● Records to use

☆ ☆ ☆

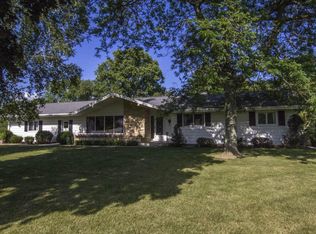 1853 Whitewater Cir, Manitowoc, WI 54220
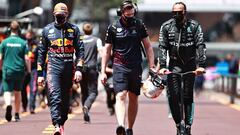 Max Verstappen (Red Bull) y Lewis Hamilton (Mercedes). M&oacute;naco, F1 2021. 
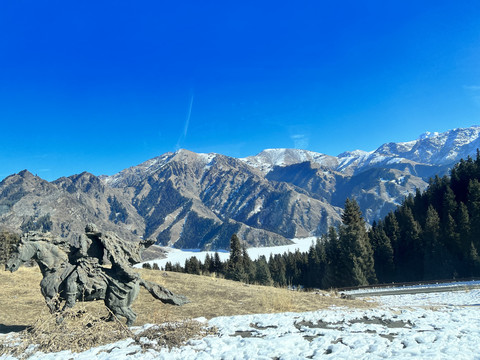 天山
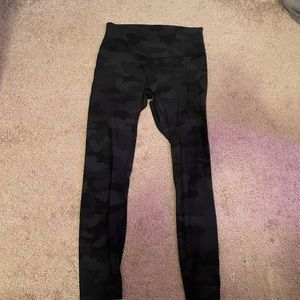 black camo lulu leggings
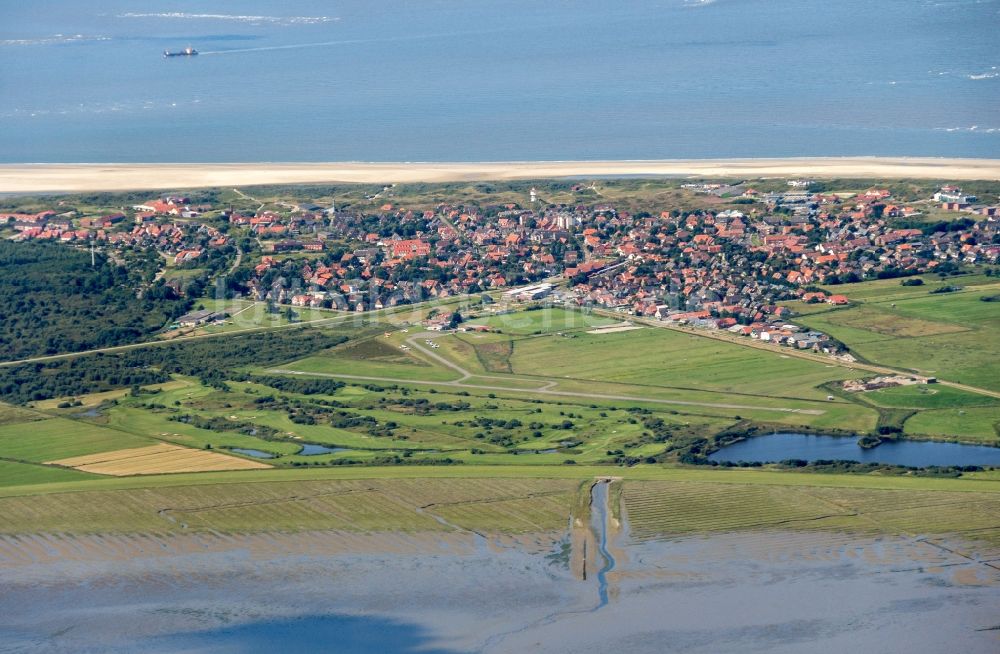 Luftbild Langeoog - Insel Langeoog mit Ortsbereich in Langeoog im Bundesland Niedersachsen, Deutschland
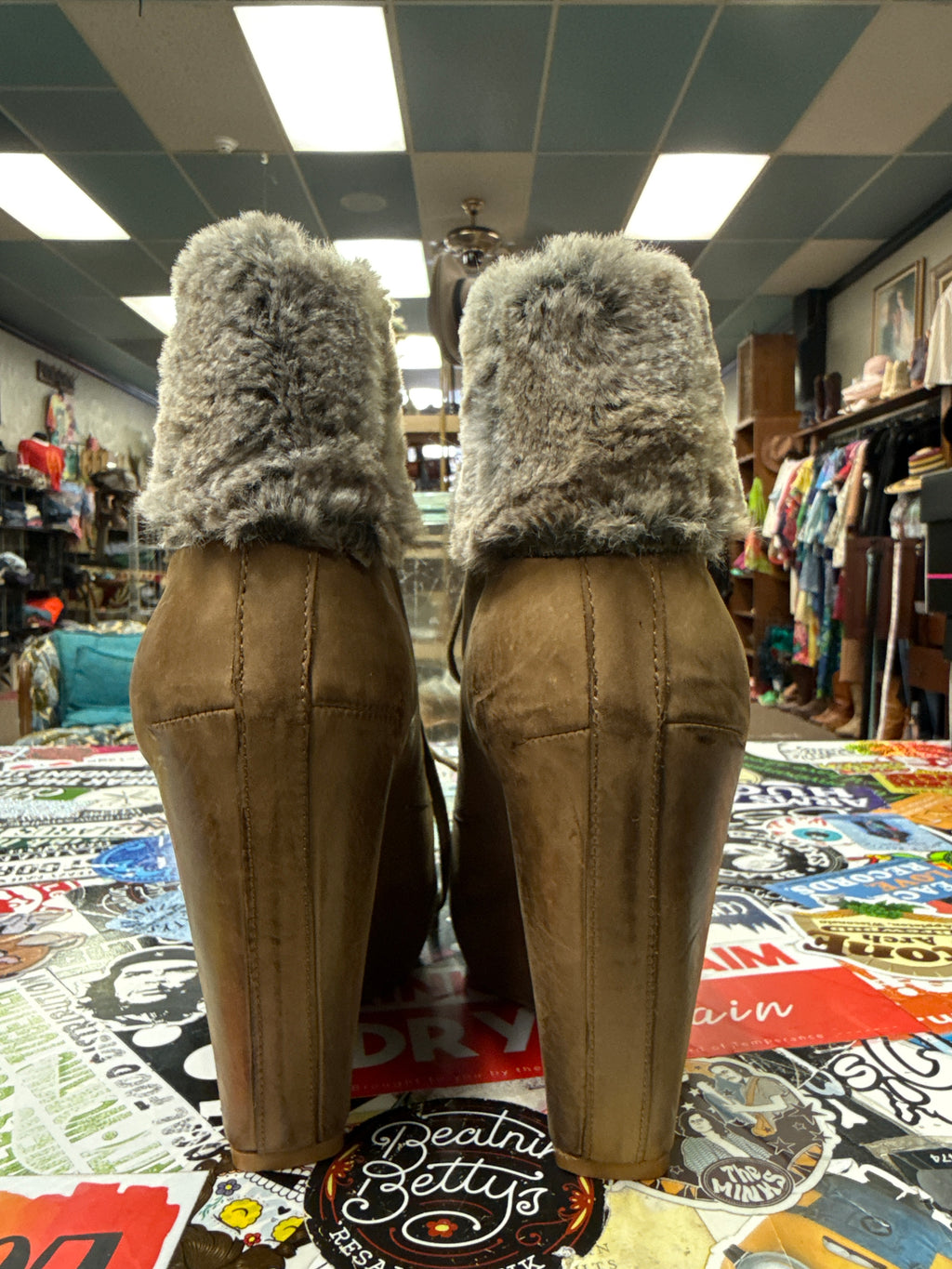 NWOB BOUTIQUE9 LEATHER WEDGE BOOTIE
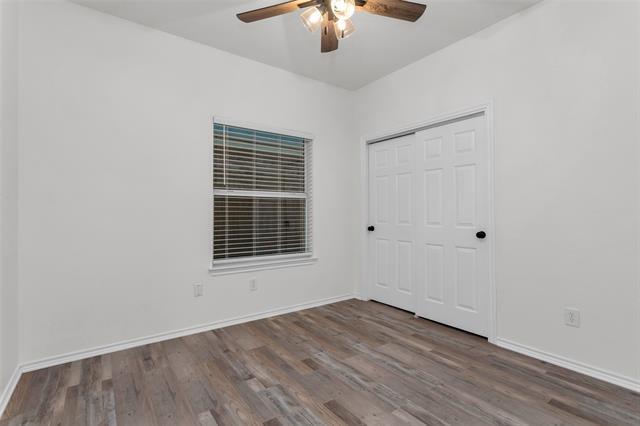 Building Photo - 913 Jenni Dr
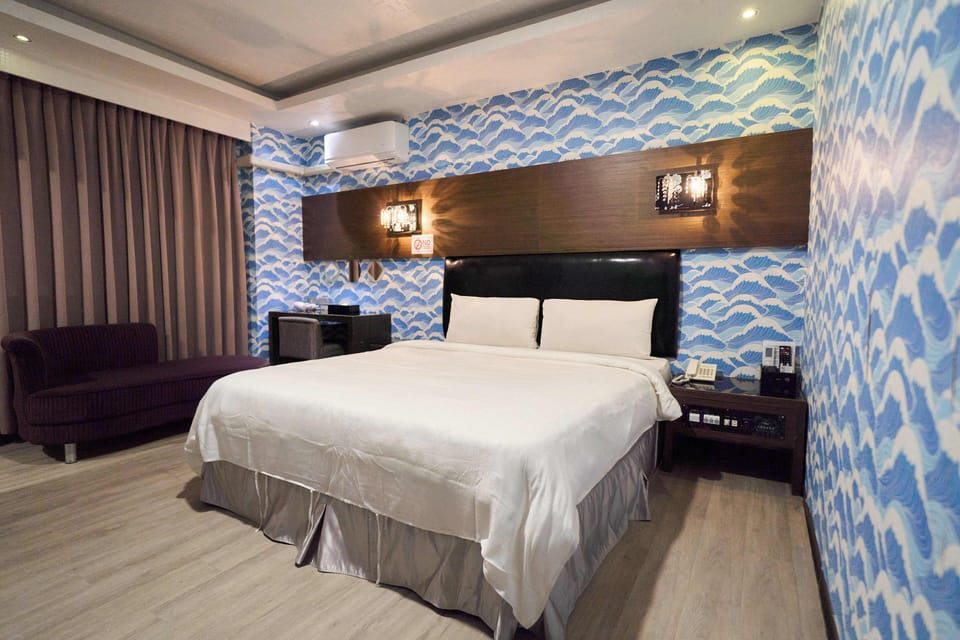 Classic Double Room | Down comforters, individually decorated, individually furnished, desk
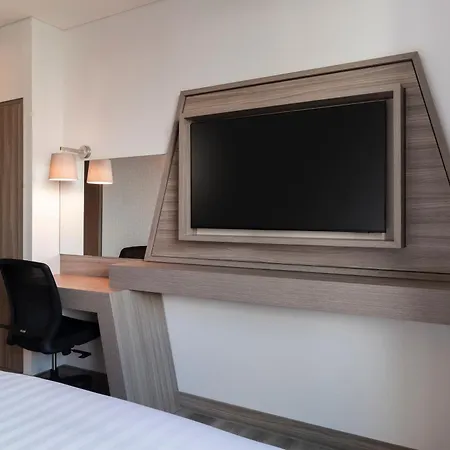 Hotel Hampton By Hilton 4*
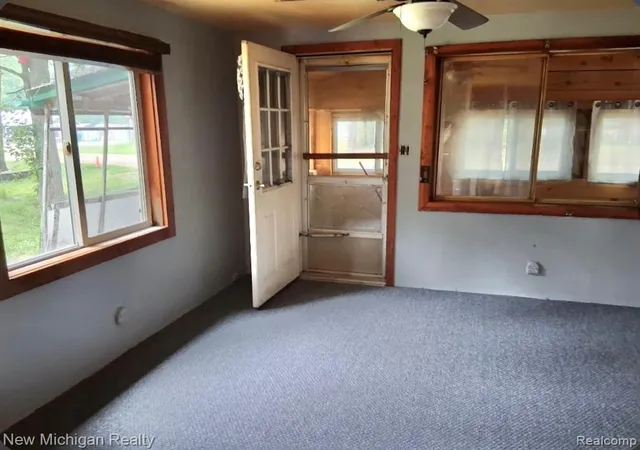 Photo 4 of Single family home for sale at 208 Hickory St, Gladwin, MI 48624 | MLS# 61014964 | Listing updated on 2026-07-28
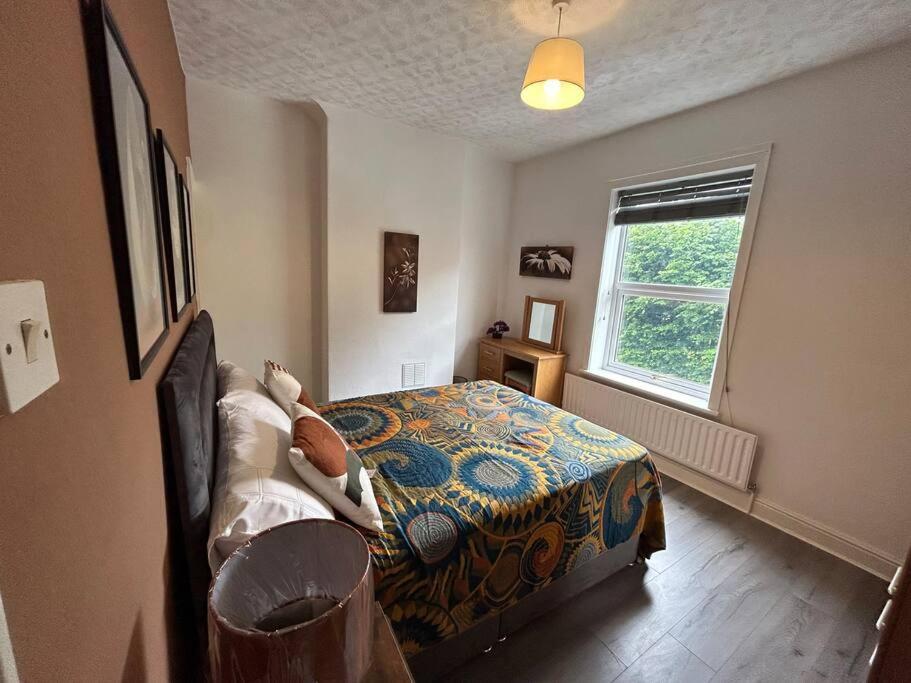 Spacious Homely 3 Bed Property 莱姆河下游的纽卡尔斯 外观 照片
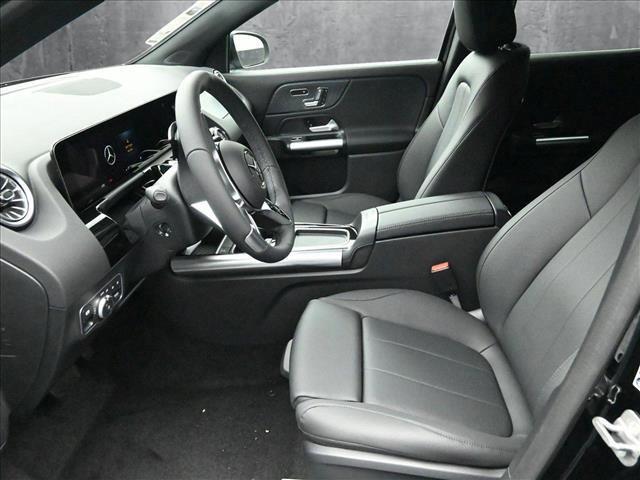 new 2025 Mercedes-Benz GLA 250 car, priced at $48,495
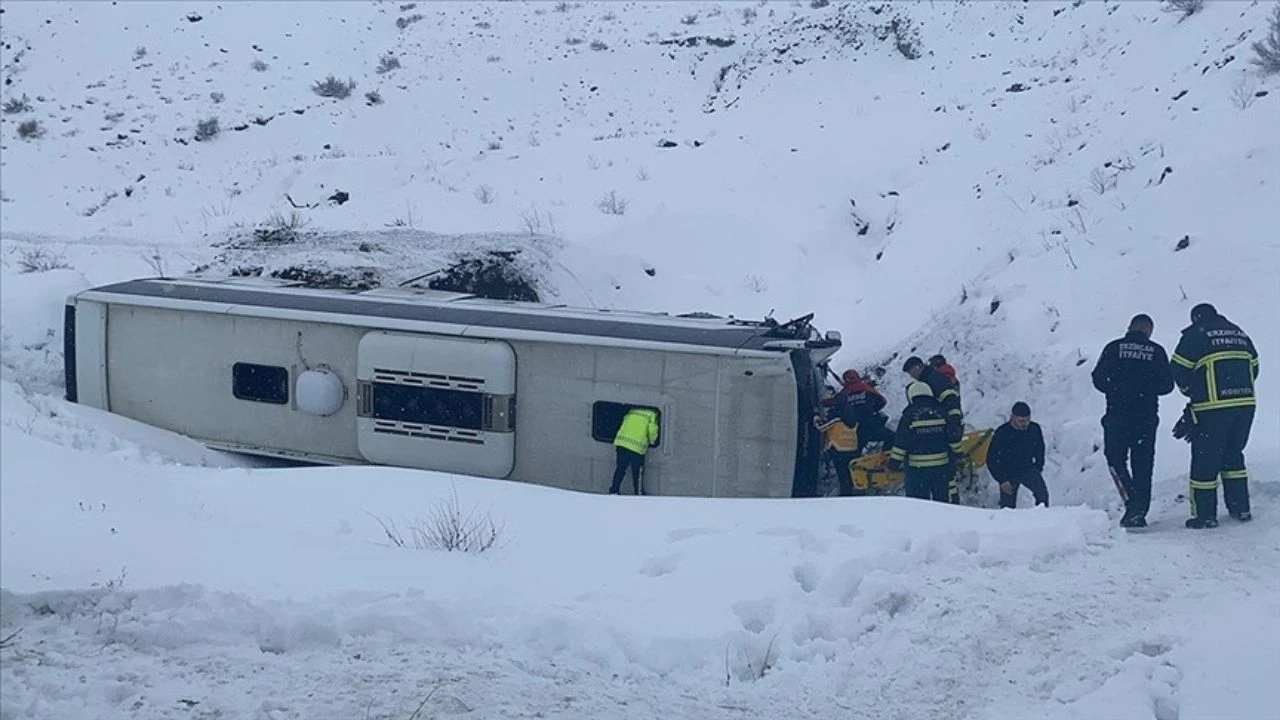 Erzincan’da yolcu otobüsü şarampole devrildi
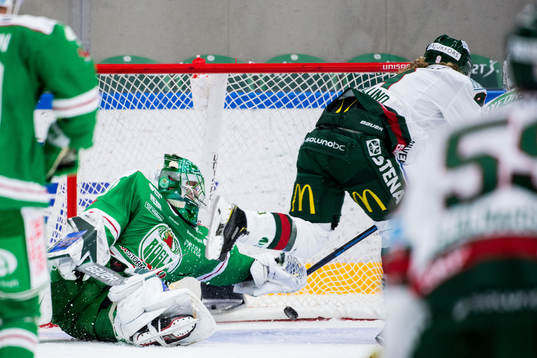 Frölundas Tim Söderlund gör 0-1 bakom Rögles målvakt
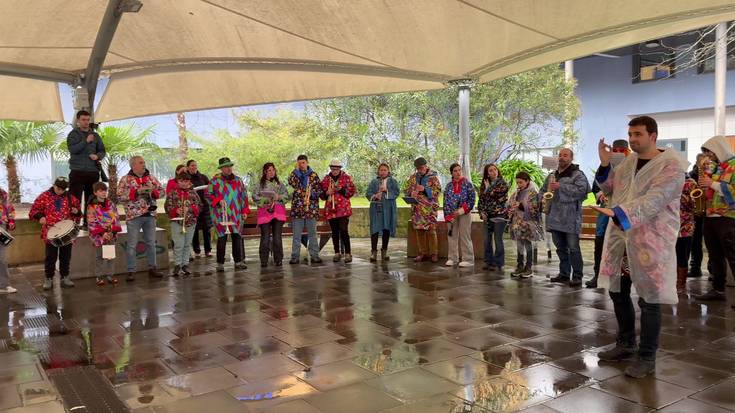 Ikasle bandaren saioa Alondegi plazan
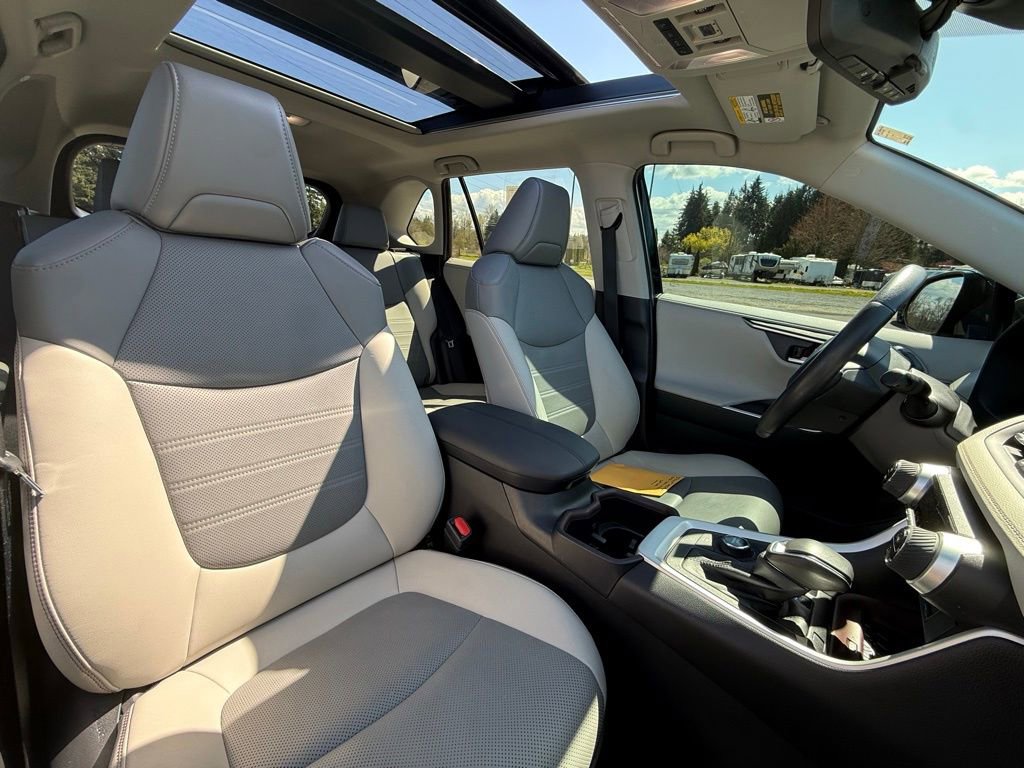 Used 2022 Toyota RAV4 Limited image 19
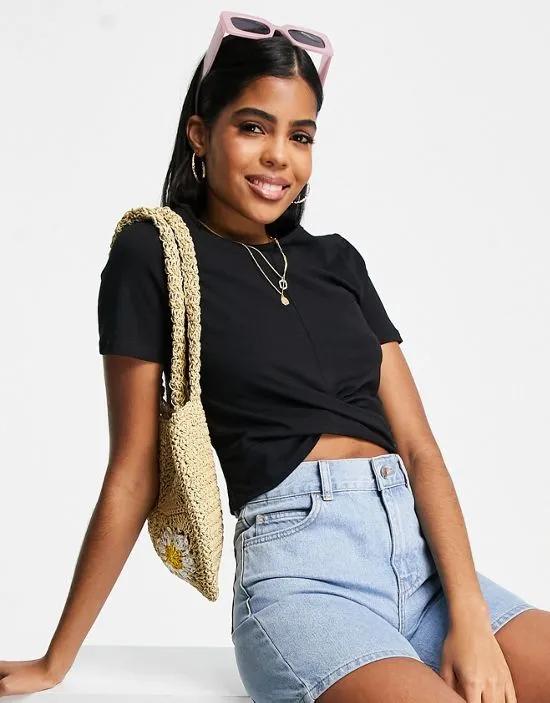 twist front cropped tee in black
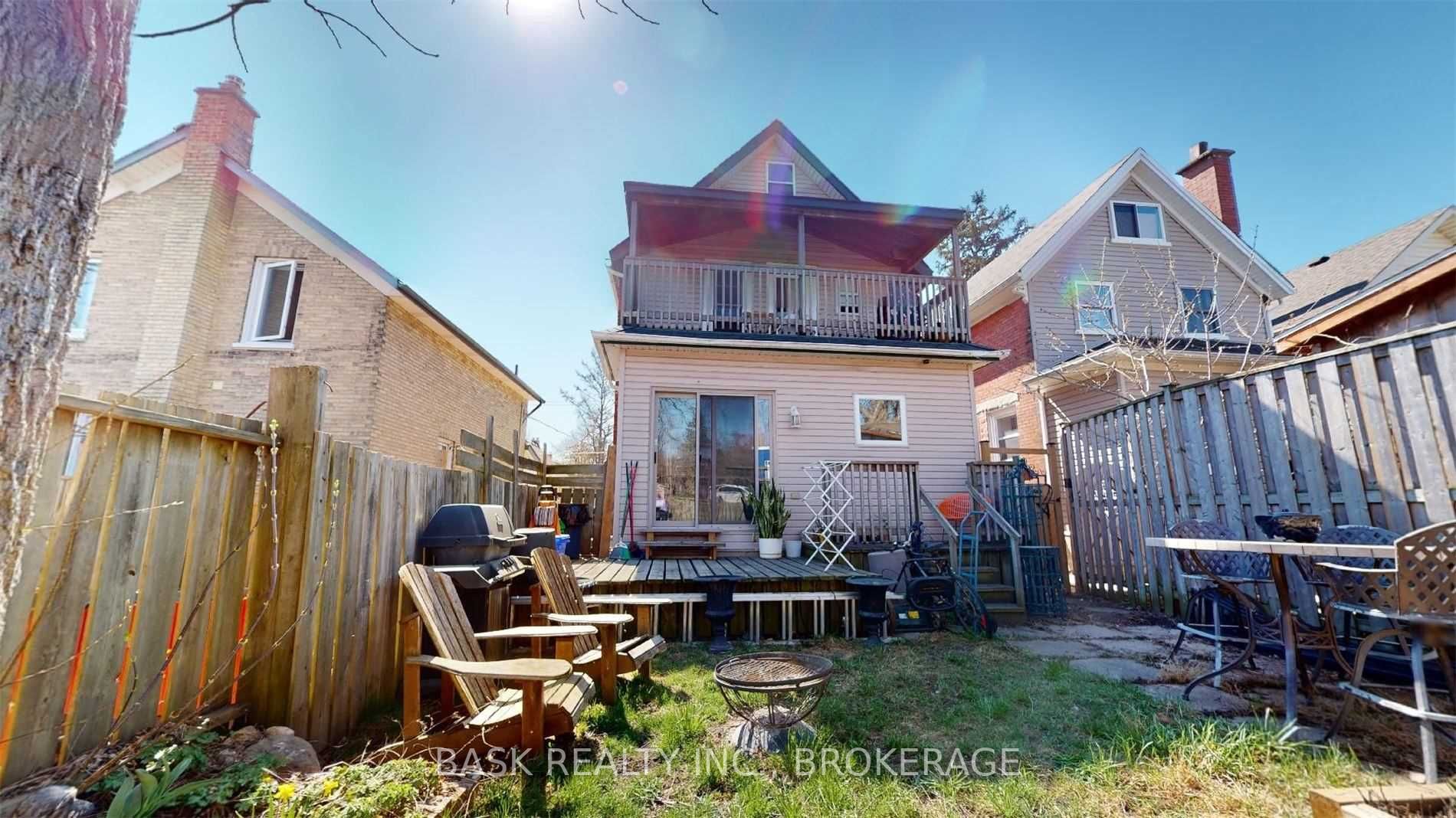 42 Shanley St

☆ ☆ ☆

● What is required
Beginning with the line that contains "Building Photo - 913 Jenni Dr" and ending with the last line of the data above, output those lines exactly and nothing more, without any pictures.

● Written response
 Building Photo - 913 Jenni Dr
 Classic Double Room | Down comforters, individually decorated, individually furnished, desk
 Hotel Hampton By Hilton 4*
 Photo 4 of Single family home for sale at 208 Hickory St, Gladwin, MI 48624 | MLS# 61014964 | Listing updated on 2026-07-28
 Spacious Homely 3 Bed Property 莱姆河下游的纽卡尔斯 外观 照片
 new 2025 Mercedes-Benz GLA 250 car, priced at $48,495
 Erzincan’da yolcu otobüsü şarampole devrildi
 Frölundas Tim Söderlund gör 0-1 bakom Rögles målvakt
 Ikasle bandaren saioa Alondegi plazan
 Used 2022 Toyota RAV4 Limited image 19
 twist front cropped tee in black
 42 Shanley St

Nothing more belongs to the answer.